@KO_Bossy, thats what makes me have doubts about Goldberg, it was a simple character that could have worked for anybody who had the slightest bit of charisma and an athletic background. It's easy to make a guy look so superior when mostly booking him in squash matches. But eventually, that ran it's course and when it came time to actually work a match, Goldberg was exposed. Completely different from Hogan, Flair, Sting, Rock, Austin, Lesnar, those guys could actually work and didn't have to rely on a streak angle to get and remain top stars. Without that streak, Goldberg blended in, simply because he lacked other things that are somewhat required to remain a top guy.
The push of Goldberg was a gift and a curse, as it maintained interest in WCW after the NWO fad began to sizzle but a curse in the sense that it hid Goldberg's flaws for so long that when the streak was over, it was a what's next moment. The evidence is there, without the streak, Goldberg was just another guy, largely due to his weaknesses that only a streak of squash matches could cover up. He didn't have enough charisma to completely ignore the fact that he was an injury prone performer, who was in the right place at the right time. Brock was booked perfectly as a monster who could destroy anybody but when given a legit challenge, could perform at a high level.
It also doesn't help matters that the final moments of the streak and afterwards, WCW was a revolving door of bookers, who made a bigger mess of the company. But at the same time, thats what happens when you book a guy so strong and are completely oblivious to the fact that he was a horrible worker and eventually, it would come to light and did. IMO, that takes a few points away from Goldberg. Arguably a star but definately not top 5 WCW, possibly not even top 10, as so many others possessed more strengths than Goldberg, who was basically just over as fuck. If overness means anything, 95% of the Attitude Era would go down as GOATS.
I get the points your making, and there's a lot of validity to them.
However, I don't think that the streak would have worked for just anyone. If you watch TNA, look at Crimson. That guy was booked like a beast and had the winning streak going for like...over a year. His first loss was at Slammiversary in June. And yet he's a horrendous worker (like, worse than Goldberg), no one cared about him, his matches sucked and once the streak was done, he promptly fell off the face of the earth back into the developmental territories. This guy had a solid look about him, but he was missing the IT factor.
Goldberg just LOOKS intimidating. The tattoo on his shoulder, the bald head, badass beard, body hair, he looks like some sort of pseudo ass kicking lumberjack. Real manly man. He had presence and natural charisma, which was great because it largely forfeited the need for him to speak.
Now its true, Goldberg was not very good in the ring. Then again, Hogan never was either, but he made up for that in other areas. Goldberg was able to as well. I'm not gonna get into a pissing contest by comparing them and having people get offended, but the fact of the matter is that both guys were extremely popular and built successful careers for themselves in wrestling based on attributes that didn't include solid in ring work. There are some parallels you can draw between the two.

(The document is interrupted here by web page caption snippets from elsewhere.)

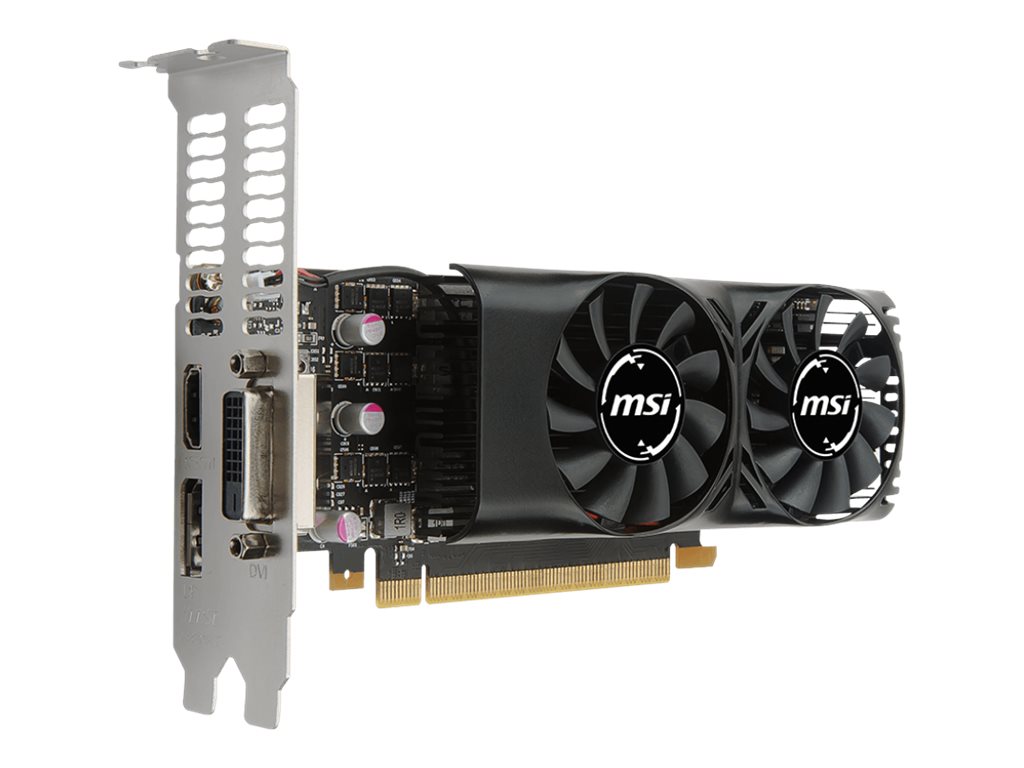 MSI GTX 1050 TI 4GT LP - Grafikkarten - GF GTX 1050 Ti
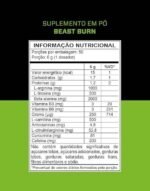 3VS Nutrition Pré-Workout Beast Burn 300g – Suplemento Pré-Treino Fórmula Única com Cafeína, Beta Alanina, L-Carnitina, Citrulina, Morosil® e Cúrcuma – 50 Doses 300gr Sabor Maça Verde - Imagem 2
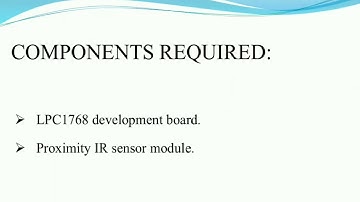Obstacle detection by IR proximity sensors using LPC1768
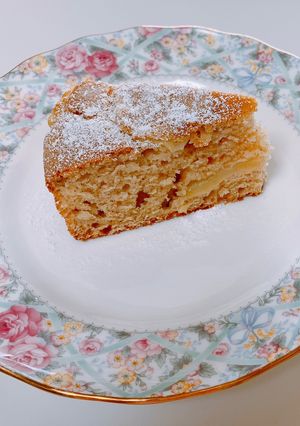りんごとホケミで作る簡単ケーキ♡-レシピのメイン写真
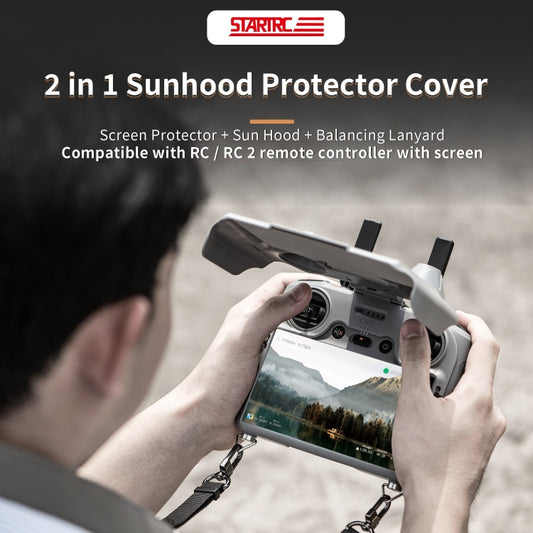 For DJI RC / RC 2 STARTRC Remote Control Sunshade Protection Cover, For DJI RC / RC 2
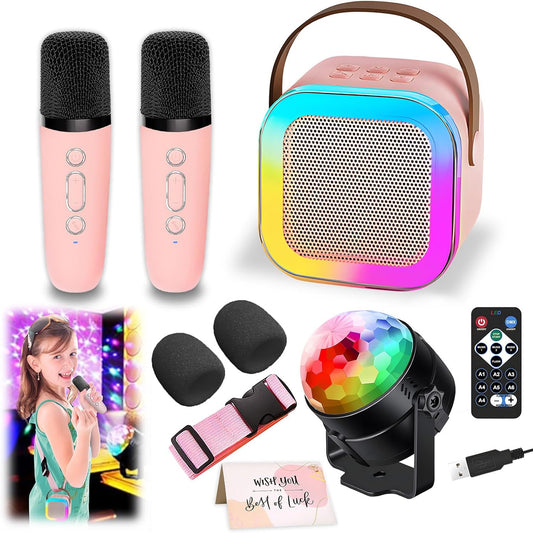 Portable Karaoke Machine with Disco Lamp - Fun Kids Parties!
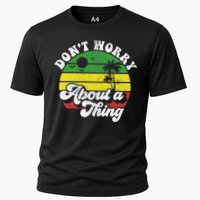 Dont Worry About A Thing Jamaica Rasta Reggae Jamaican Gift Cooling Performance Crew T-Shirt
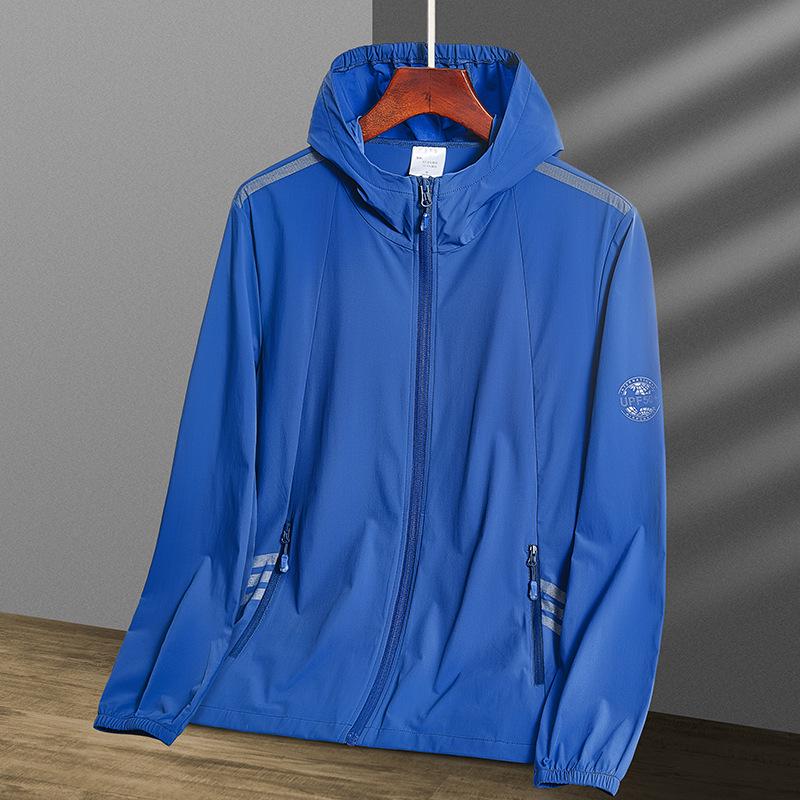 UPF50+ Atmungsaktive Nylon-Spandex-Sonnenschutzkleidung für Männer und Frauen, Anti-UV, Logo anpassbar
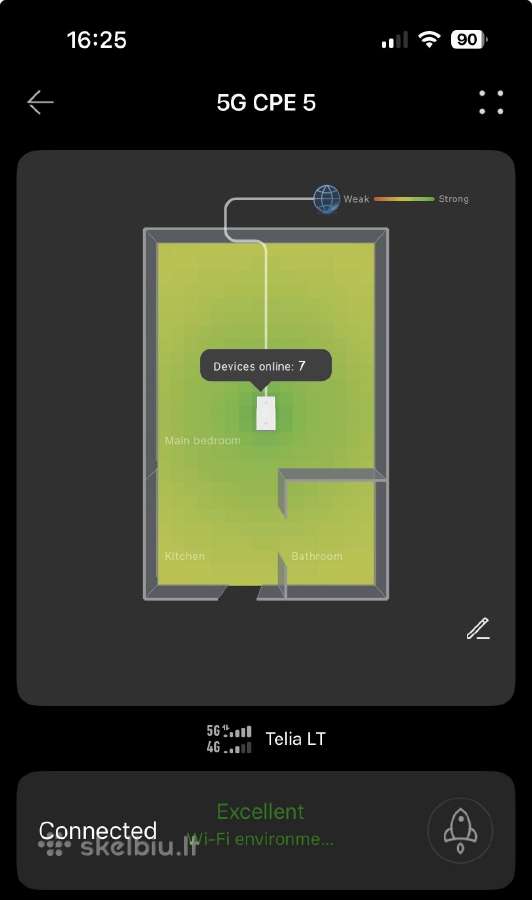Huawei (brovi) 5G cpe5 h155-381 - nuotraukos Nr. 5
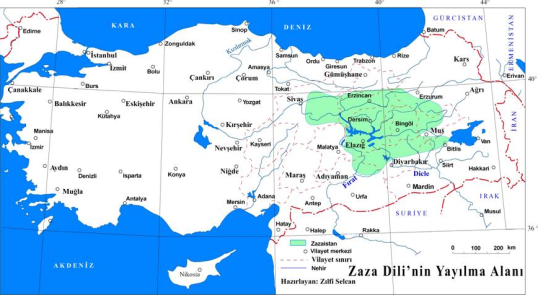  ZAZALARIN YAŞADIĞI COĞRAFYA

It just happened that once Goldberg's streak ended that his flaws became more noticeable, which Hogan never really had to endure. Its not like Hulkamania died and people said "oh wow, in all actuality this Hogan guy really blows as a worker." He had Hulkamania, then the nWo, and kept flip flopping between the two all through his career between the Fed and WCW, so his shortcomings were a lot more protected, I find.